>>>
>>>
>>>>> Current Situation:
>>>>> The dynamic linker mmap()s executable and data sections of our
>>>>> executable but it doesn't call madvise().
>>>>> By default page faults trigger 131072byte reads. To make matters worse,
>>>>> the compile-time linker + gcc lay out code in a manner that does not
>>>>> correspond to how the resulting executable will be executed(ie the
>>>>> layout is basically random). This means that during startup 15-40mb
>>>>> binaries are read in basically random fashion. Even if one orders the
>>>>> binary optimally, throughput is still suboptimal due to the puny readahead.
>>>>>
>>>>> IO Hints:
>>>>> Fortunately when one specifies madvise(WILLNEED) pagefaults trigger 2mb
>>>>> reads and a binary that tends to take 110 page faults(ie program stops
>>>>> execution and waits for disk) can be reduced down to 6. This has the
>>>>> potential to double application startup of large apps without any clear
>>>>> downsides.
>>>>>
>>>>> Suse ships their glibc with a dynamic linker patch to fadvise()
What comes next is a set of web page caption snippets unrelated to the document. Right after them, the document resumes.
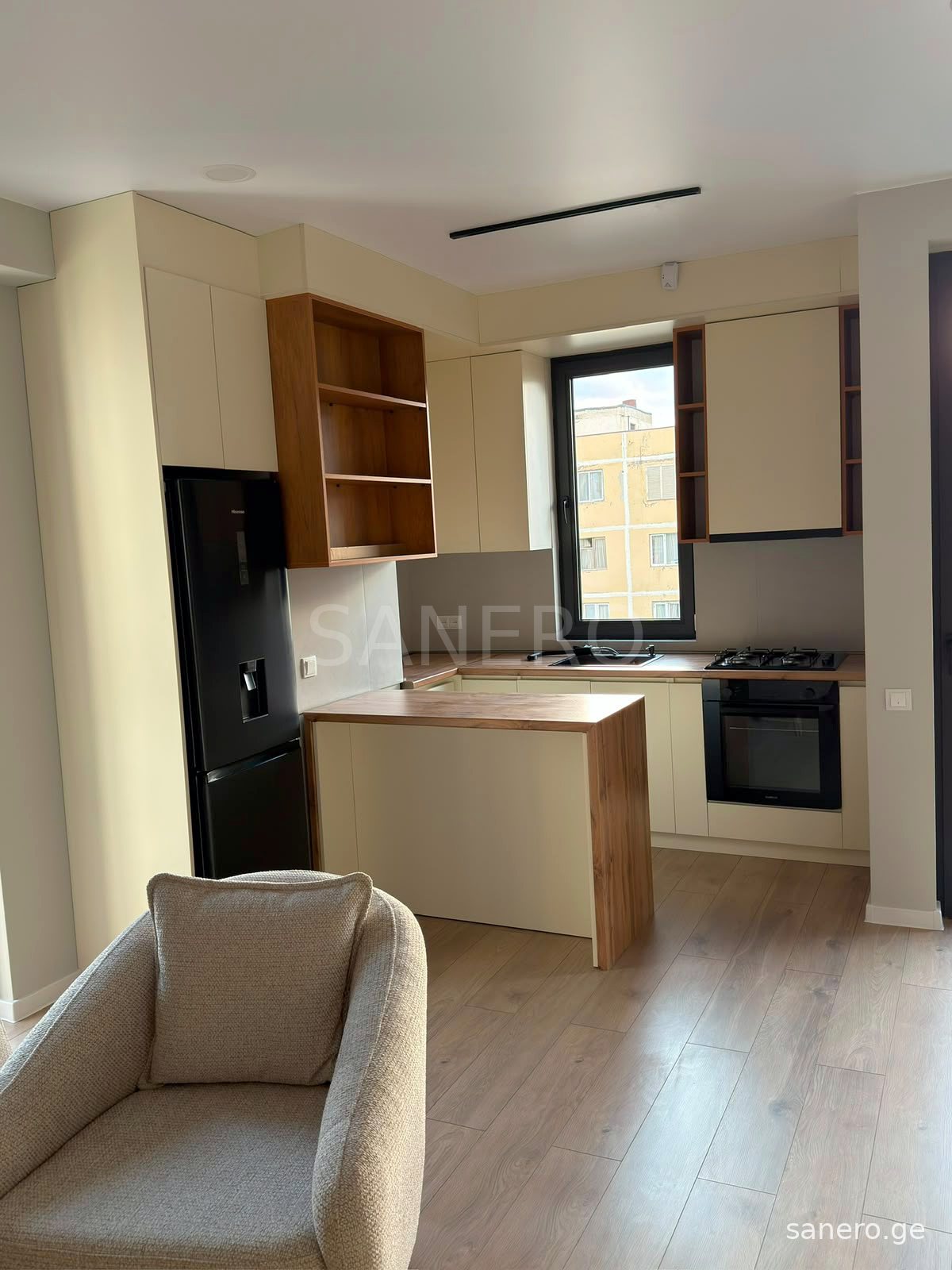 Kitchen with breakfast bar and refrigerator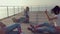 Energetic twerk by trendy teen girls on a wooden pier near the sea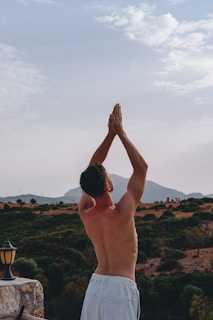 a man with his hand up in the air above a valley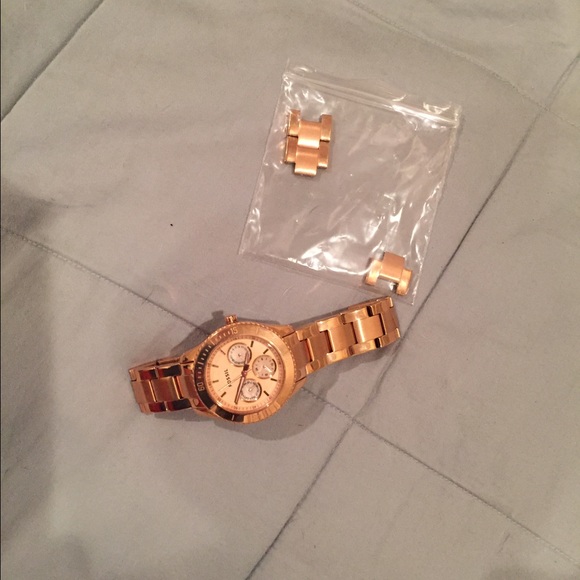 Rose gold fossil watch only worn twice.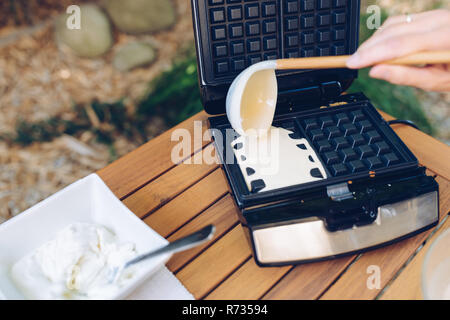 Zubereitung von hausgemachten Waffeln. Gießen Teig in das Waffeleisen mit einer Schöpfkelle draußen im Garten Stockfoto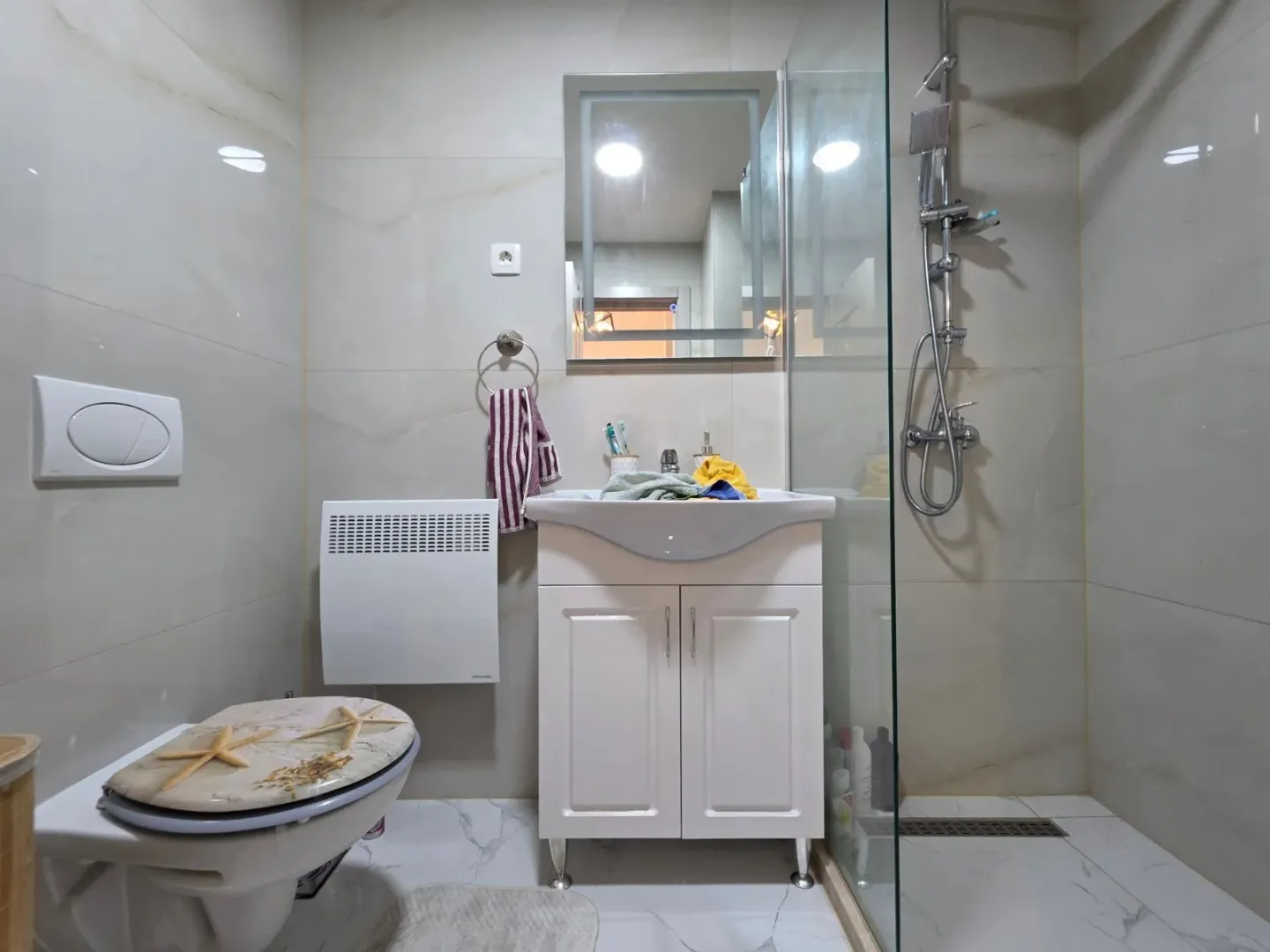 Moderno opremljeno kupatilo sa umivaonikom, WC šoljom i tuš kabinom.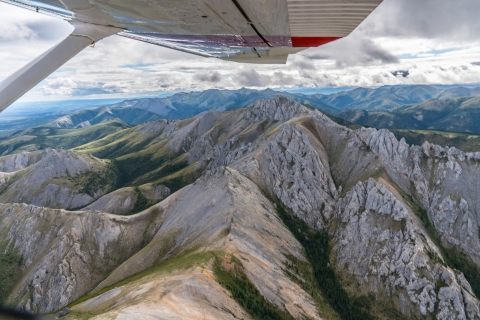 view from the window of a small aircraft wing and mountainous scenery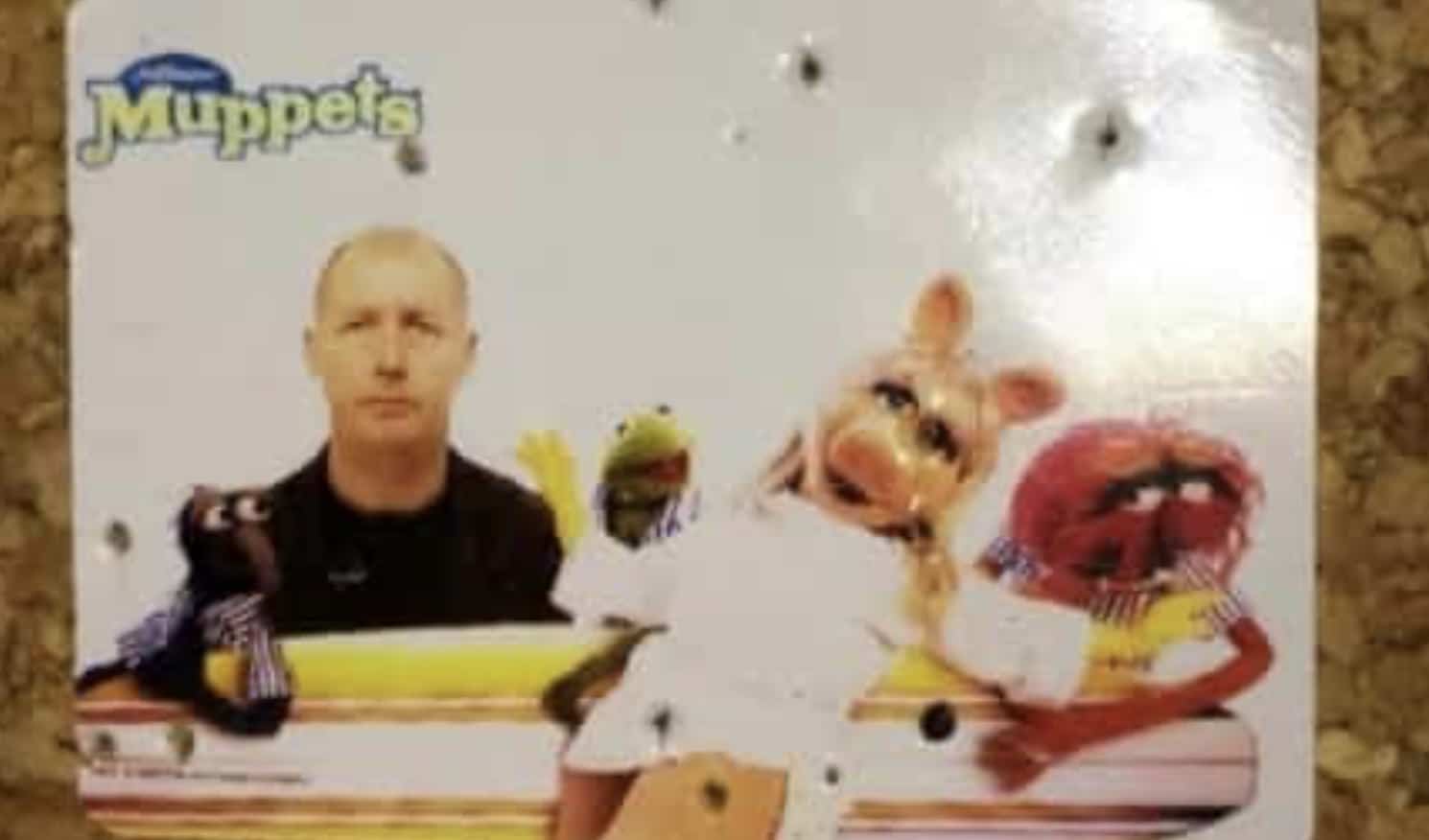 Bald man standing solemnly next to Kermit, Miss Piggy, and Animal Muppets on a surfboard.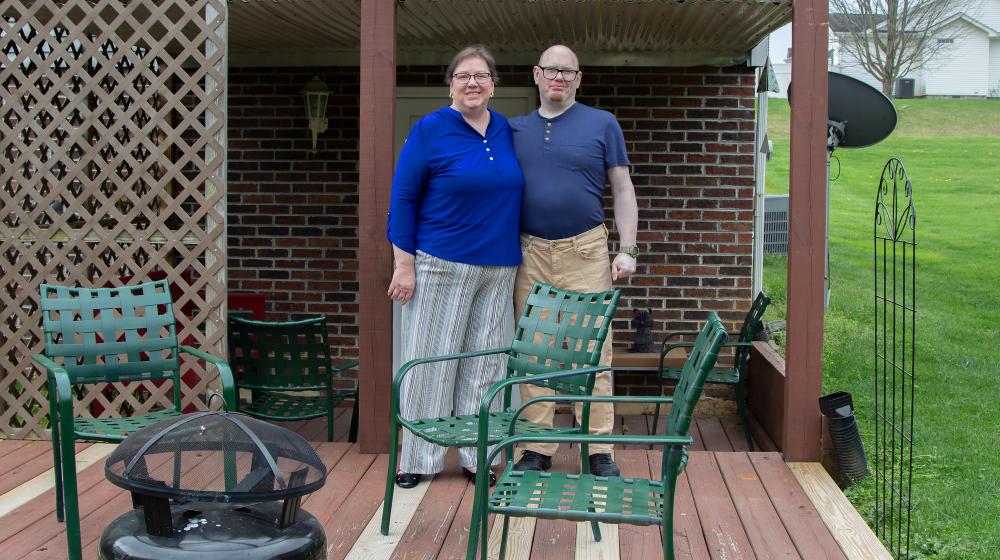 Mary Ann and Eric Forrester on the back deck of their new home purchased with help from USDA Rural Development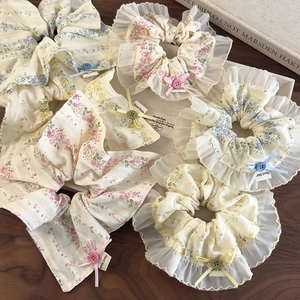 Floral fabric hair scrunchies with bow and button detail on a wooden surface
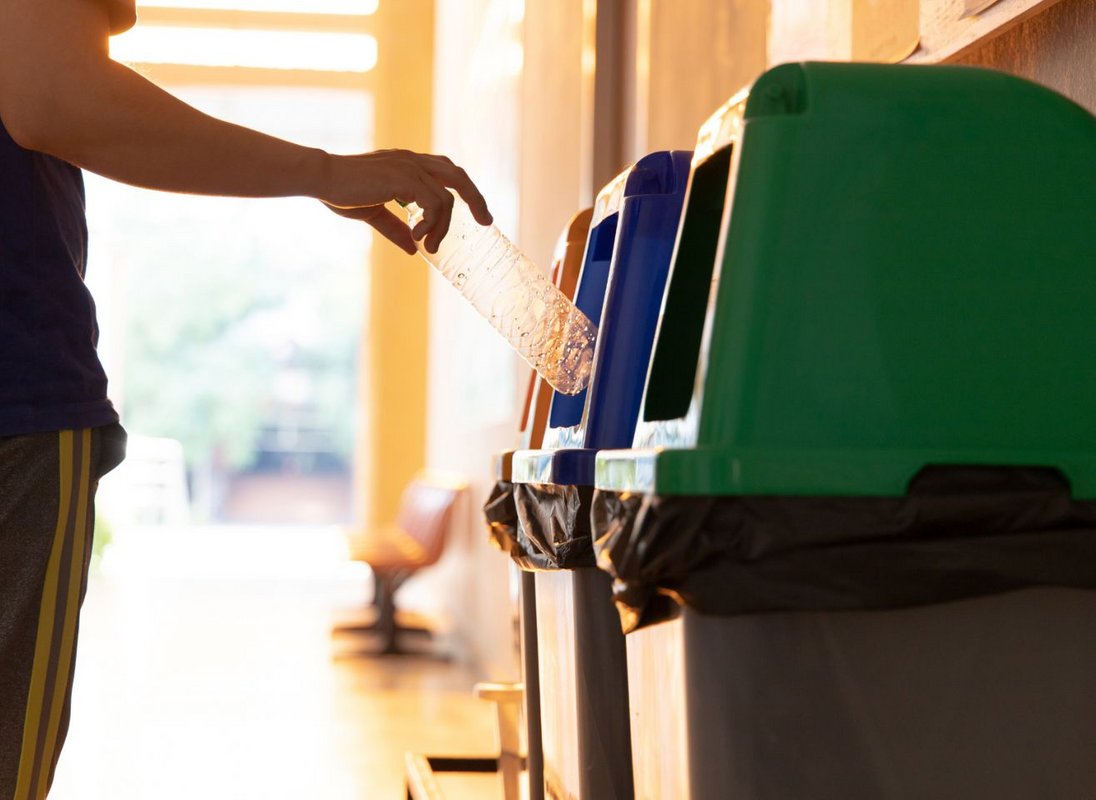 Poubelles de tri alignées, une main jette une bouteille en plastique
>>>>> dynamic libraries(not sure why they switched from doing madvise
>>>>> before).
>>>>>
>>>>>
>>> This is interesting. I wonder how SuSE implements the policy.
>>> Do you have the patch or some strace output that demonstrates the
>>> fadvise() call?
>>>
>>>
>> glibc-2.3.90-ld.so-madvise.diff in
>>
http://www.rpmseek.com/rpm/glibc-2.4-31.12.3.src.html?hl=com&cba=0:G:0:3732595:0:15:0:
>>
> 550 Can't open
> /pub/linux/distributions/suse/pub/suse/update/10.1/rpm/src/glibc-2.4-31.12.3.src.rpm:
> No such file or directory
>
> OK I give up.
>
>
>> As I recall they just fadvise the filedescriptor before accessing it.
>>
> Obviously this is a bit risky for small memory systems..
>
>
>>>>> I filed a glibc bug about this at
>>>>>
http://sourceware.org/bugzilla/show_bug.cgi?id=11431 . Uli commented
>>>>> with his concern about wasting memory resources. What is the impact of
>>>>> madvise(WILLNEED) or the fadvise equivalent on systems under memory
>>>>> pressure? Does the kernel simply start ignoring these hints?
>>>>>
>>>>>
>>>> It will throttle based on memory pressure. In idle situations it will
>>>> eat your file cache, however, to satisfy the request.
>>>>
>>>> Now, the file cache should be much bigger than the amount of unneeded
>>>> pages you prefault with the hint over the whole library, so I guess the
>>>> benefit of prefaulting the right pages outweighs the downside of evicting
>>>> some cache for unused library pages.
>>>>
>>>> Still, it's a workaround for deficits in the demand-paging/readahead
>>>> heuristics and thus a bit ugly, I feel. Maybe Wu can help.
>>>>
>>>>
>>> Program page faults are inherently random, so the straightforward
>>> solution would be to increase the mmap read-around size (for desktops
>>> with reasonable large memory), rather than to improve program layout
>>> or readahead heuristics :)
>>>
>>>
>> Program page faults may exhibit random behavior once they've started.
>>
> Right.
>
>
>> During startup page-in pattern of over-engineered OO applications is
>> very predictable. Programs are laid out based on compilation units,
>> which have no relation to how they are executed. Another problem is that
>> any large old application will have lots of code that is either rarely
>> executed or completely dead. Random sprinkling of live code among mostly
>> unneeded code is a problem.
>>
> Agreed.
>
>
>> I'm able to reduce startup pagefaults by 2.5x and mem usage by a few MB
>> with proper binary layout. Even if one lays out a program wrongly, the
>> worst-case pagein pattern will be pretty similar to what it is by default.